• WHAT YOU ARE ASKED TO DO:
Give back exactly the lines of the entries below from the line with "Bush Trimming by" to the line with "Two collies sharing", inclusive, and only those.

• Extracted records:
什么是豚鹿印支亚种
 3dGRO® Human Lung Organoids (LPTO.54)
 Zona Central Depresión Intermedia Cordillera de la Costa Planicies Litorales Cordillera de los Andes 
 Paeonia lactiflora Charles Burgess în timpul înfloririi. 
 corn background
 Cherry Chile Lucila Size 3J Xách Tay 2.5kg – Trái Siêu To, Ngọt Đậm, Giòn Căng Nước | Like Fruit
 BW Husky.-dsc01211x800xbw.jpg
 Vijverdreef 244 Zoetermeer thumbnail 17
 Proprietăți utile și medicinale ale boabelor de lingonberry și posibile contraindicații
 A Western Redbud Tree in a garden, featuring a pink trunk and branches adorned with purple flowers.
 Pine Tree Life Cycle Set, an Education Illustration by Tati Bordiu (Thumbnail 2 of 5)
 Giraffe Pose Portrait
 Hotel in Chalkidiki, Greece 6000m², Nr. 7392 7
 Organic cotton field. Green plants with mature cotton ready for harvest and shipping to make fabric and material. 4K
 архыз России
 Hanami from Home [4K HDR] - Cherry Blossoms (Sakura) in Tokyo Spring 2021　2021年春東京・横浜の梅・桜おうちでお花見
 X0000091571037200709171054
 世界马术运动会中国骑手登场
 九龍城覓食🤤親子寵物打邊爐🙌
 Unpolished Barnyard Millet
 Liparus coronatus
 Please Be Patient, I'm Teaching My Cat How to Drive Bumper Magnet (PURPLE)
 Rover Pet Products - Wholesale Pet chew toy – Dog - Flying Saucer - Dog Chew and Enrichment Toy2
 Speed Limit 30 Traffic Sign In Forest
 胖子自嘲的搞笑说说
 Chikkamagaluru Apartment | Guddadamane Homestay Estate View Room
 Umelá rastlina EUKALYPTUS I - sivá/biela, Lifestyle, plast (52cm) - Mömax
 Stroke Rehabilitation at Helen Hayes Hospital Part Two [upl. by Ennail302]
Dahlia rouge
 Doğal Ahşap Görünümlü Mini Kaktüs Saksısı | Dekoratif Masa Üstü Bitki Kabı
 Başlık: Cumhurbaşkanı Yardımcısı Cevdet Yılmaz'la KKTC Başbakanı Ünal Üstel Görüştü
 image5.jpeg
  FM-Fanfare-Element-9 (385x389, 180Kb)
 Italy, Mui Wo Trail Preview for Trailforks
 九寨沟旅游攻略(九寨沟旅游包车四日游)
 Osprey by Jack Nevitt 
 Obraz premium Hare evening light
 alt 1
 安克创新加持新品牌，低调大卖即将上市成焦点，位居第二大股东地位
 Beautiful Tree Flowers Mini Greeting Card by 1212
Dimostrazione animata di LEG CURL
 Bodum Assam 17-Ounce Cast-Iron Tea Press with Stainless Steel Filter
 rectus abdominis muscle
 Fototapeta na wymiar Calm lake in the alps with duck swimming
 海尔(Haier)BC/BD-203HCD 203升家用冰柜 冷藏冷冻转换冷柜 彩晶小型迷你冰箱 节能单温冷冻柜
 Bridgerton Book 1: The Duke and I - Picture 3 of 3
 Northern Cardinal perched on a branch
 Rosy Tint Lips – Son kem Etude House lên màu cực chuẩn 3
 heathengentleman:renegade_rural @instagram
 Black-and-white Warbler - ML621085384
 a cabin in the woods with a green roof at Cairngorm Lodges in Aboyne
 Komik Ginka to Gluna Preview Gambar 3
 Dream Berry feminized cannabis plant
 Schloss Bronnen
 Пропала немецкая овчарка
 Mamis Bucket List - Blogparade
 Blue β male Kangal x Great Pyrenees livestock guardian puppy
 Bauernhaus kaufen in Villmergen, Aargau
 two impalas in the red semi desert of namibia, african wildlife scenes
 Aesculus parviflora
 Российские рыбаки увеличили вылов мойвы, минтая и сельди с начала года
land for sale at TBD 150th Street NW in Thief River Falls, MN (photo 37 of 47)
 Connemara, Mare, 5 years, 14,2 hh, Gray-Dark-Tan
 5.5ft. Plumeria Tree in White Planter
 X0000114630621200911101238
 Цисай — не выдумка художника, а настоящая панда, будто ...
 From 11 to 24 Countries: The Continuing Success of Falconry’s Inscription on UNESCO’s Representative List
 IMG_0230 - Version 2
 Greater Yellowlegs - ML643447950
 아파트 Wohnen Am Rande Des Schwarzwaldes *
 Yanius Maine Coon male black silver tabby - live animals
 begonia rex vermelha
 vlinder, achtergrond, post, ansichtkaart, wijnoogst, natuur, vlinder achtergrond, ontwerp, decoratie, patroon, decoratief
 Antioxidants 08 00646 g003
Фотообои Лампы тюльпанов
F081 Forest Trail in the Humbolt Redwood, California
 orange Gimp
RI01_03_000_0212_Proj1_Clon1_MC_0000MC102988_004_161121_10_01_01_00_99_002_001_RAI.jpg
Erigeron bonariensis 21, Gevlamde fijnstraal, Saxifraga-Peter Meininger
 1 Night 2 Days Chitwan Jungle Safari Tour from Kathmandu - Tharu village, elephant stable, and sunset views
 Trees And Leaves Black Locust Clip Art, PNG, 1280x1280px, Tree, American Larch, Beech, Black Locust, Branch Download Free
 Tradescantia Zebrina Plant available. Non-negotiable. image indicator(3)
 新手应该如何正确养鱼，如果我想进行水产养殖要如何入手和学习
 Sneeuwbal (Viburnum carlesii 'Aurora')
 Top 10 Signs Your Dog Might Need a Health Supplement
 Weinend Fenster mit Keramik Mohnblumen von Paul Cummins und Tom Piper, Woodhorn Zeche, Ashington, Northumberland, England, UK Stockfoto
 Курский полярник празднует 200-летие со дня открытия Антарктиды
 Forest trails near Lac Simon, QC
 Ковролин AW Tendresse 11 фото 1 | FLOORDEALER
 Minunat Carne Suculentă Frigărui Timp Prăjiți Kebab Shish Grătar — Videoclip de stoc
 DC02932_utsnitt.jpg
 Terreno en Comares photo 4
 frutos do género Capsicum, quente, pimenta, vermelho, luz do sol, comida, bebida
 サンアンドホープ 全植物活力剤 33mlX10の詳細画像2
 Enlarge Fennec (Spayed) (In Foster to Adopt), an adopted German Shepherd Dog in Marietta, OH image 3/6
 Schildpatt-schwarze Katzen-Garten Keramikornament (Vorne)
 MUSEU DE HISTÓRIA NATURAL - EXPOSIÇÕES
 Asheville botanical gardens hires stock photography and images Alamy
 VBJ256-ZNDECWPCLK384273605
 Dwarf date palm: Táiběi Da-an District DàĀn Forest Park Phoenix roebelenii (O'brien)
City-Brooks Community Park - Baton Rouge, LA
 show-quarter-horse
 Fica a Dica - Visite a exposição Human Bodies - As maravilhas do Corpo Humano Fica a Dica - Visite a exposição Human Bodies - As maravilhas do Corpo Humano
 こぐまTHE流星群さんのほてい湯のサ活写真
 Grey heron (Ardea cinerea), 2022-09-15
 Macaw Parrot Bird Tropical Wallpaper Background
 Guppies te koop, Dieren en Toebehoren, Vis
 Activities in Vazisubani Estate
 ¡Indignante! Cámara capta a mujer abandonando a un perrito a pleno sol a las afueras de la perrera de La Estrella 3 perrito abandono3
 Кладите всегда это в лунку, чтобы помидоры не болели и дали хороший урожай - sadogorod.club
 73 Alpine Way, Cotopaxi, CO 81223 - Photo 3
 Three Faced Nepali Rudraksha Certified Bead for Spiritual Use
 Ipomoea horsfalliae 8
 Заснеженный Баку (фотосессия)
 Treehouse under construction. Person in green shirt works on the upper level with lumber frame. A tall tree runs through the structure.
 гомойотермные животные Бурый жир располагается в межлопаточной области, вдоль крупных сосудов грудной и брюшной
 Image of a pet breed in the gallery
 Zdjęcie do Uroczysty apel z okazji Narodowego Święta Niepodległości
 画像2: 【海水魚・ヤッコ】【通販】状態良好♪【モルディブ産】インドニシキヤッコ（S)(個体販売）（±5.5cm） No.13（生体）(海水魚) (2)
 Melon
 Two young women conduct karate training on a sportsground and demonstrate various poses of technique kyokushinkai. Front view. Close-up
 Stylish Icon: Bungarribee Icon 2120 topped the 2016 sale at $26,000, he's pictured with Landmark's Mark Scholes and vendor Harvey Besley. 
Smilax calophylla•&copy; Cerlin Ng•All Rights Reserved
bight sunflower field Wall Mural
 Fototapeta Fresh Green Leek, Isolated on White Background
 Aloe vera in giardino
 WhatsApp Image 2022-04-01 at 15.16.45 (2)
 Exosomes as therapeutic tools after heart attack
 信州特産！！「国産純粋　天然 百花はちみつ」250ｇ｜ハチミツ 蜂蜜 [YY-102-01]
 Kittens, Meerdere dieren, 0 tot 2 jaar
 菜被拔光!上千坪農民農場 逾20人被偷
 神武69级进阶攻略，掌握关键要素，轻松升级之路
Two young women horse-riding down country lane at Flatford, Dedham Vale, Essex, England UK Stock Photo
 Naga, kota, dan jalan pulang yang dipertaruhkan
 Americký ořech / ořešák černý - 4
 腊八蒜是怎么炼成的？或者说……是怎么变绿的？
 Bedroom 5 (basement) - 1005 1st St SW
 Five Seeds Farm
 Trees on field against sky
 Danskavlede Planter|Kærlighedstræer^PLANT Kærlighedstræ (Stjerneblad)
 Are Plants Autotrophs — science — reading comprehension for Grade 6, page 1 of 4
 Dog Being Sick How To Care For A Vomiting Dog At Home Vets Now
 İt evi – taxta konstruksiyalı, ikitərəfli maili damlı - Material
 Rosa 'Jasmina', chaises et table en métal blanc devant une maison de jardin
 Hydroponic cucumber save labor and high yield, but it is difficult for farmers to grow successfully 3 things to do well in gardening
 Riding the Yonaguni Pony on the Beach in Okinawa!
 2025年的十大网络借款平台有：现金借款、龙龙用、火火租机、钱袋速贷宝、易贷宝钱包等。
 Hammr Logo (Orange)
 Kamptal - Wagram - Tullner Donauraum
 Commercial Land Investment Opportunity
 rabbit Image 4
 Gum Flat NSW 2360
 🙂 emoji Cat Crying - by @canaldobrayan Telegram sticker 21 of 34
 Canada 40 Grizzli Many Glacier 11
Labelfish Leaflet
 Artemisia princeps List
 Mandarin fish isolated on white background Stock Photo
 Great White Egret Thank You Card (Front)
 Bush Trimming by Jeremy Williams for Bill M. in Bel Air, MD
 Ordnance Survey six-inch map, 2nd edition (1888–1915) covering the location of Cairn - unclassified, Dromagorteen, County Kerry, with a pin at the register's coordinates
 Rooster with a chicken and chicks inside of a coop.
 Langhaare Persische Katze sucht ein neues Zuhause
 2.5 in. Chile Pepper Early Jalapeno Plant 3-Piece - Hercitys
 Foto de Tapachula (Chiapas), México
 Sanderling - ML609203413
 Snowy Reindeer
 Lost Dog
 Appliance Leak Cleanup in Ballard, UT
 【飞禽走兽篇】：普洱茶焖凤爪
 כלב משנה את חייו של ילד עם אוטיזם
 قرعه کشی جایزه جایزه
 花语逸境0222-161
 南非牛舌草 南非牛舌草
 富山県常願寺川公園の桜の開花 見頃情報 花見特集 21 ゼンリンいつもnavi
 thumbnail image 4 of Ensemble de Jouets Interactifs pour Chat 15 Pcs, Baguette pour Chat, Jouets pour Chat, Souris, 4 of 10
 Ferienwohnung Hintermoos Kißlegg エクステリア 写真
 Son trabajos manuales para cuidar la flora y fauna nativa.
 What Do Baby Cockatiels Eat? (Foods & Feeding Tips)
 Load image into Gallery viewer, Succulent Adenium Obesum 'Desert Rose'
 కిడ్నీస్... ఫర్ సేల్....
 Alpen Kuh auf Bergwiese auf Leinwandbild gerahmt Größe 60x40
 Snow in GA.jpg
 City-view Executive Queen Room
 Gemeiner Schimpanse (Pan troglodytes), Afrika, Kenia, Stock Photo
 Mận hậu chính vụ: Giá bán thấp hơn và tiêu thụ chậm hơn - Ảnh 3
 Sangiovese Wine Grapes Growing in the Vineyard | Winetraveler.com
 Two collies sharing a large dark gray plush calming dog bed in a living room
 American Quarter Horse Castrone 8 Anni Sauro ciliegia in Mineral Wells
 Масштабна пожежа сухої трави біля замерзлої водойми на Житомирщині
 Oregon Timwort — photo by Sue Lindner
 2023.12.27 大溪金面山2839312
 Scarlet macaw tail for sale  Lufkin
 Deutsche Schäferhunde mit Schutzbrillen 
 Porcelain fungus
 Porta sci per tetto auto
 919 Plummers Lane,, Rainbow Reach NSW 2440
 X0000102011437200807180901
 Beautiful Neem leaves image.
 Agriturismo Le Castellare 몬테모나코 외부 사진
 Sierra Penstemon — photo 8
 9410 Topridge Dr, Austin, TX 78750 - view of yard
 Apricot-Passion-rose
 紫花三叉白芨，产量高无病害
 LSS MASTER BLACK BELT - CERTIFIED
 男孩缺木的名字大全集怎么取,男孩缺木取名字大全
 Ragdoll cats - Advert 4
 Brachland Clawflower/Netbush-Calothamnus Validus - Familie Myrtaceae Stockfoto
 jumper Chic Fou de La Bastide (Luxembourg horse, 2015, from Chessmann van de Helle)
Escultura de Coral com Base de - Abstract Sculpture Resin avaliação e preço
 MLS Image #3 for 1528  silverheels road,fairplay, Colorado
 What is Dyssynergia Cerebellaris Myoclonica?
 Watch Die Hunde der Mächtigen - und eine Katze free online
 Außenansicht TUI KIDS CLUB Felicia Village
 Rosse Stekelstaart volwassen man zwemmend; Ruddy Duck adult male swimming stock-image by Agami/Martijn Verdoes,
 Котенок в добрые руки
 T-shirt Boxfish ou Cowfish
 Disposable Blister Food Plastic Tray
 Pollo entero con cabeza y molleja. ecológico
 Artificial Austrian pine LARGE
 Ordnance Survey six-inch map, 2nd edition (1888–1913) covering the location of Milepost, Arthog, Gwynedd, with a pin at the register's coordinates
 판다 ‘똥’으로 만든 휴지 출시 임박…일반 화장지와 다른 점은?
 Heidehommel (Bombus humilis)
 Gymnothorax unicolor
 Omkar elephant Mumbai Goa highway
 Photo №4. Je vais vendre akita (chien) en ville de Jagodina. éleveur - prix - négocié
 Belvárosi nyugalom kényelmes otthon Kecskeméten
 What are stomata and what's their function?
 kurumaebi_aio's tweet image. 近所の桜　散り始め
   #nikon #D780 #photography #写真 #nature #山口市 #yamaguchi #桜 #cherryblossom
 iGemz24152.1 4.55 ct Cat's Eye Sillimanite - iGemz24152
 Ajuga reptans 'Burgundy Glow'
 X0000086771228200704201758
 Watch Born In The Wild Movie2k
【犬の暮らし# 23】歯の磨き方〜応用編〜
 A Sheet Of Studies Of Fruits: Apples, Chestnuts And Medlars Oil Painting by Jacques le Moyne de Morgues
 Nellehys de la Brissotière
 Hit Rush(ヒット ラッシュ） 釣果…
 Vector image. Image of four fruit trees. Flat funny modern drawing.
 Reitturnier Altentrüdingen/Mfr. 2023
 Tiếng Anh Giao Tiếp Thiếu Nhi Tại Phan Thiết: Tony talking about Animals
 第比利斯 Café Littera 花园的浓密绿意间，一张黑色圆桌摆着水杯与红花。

• THE ANSWER:
 Bush Trimming by Jeremy Williams for Bill M. in Bel Air, MD
 Ordnance Survey six-inch map, 2nd edition (1888–1915) covering the location of Cairn - unclassified, Dromagorteen, County Kerry, with a pin at the register's coordinates
 Rooster with a chicken and chicks inside of a coop.
 Langhaare Persische Katze sucht ein neues Zuhause
 2.5 in. Chile Pepper Early Jalapeno Plant 3-Piece - Hercitys
 Foto de Tapachula (Chiapas), México
 Sanderling - ML609203413
 Snowy Reindeer
 Lost Dog
 Appliance Leak Cleanup in Ballard, UT
 【飞禽走兽篇】：普洱茶焖凤爪
 כלב משנה את חייו של ילד עם אוטיזם
 قرعه کشی جایزه جایزه
 花语逸境0222-161
 南非牛舌草 南非牛舌草
 富山県常願寺川公園の桜の開花 見頃情報 花見特集 21 ゼンリンいつもnavi
 thumbnail image 4 of Ensemble de Jouets Interactifs pour Chat 15 Pcs, Baguette pour Chat, Jouets pour Chat, Souris, 4 of 10
 Ferienwohnung Hintermoos Kißlegg エクステリア 写真
 Son trabajos manuales para cuidar la flora y fauna nativa.
 What Do Baby Cockatiels Eat? (Foods & Feeding Tips)
 Load image into Gallery viewer, Succulent Adenium Obesum 'Desert Rose'
 కిడ్నీస్... ఫర్ సేల్....
 Alpen Kuh auf Bergwiese auf Leinwandbild gerahmt Größe 60x40
 Snow in GA.jpg
 City-view Executive Queen Room
 Gemeiner Schimpanse (Pan troglodytes), Afrika, Kenia, Stock Photo
 Mận hậu chính vụ: Giá bán thấp hơn và tiêu thụ chậm hơn - Ảnh 3
 Sangiovese Wine Grapes Growing in the Vineyard | Winetraveler.com
 Two collies sharing a large dark gray plush calming dog bed in a living room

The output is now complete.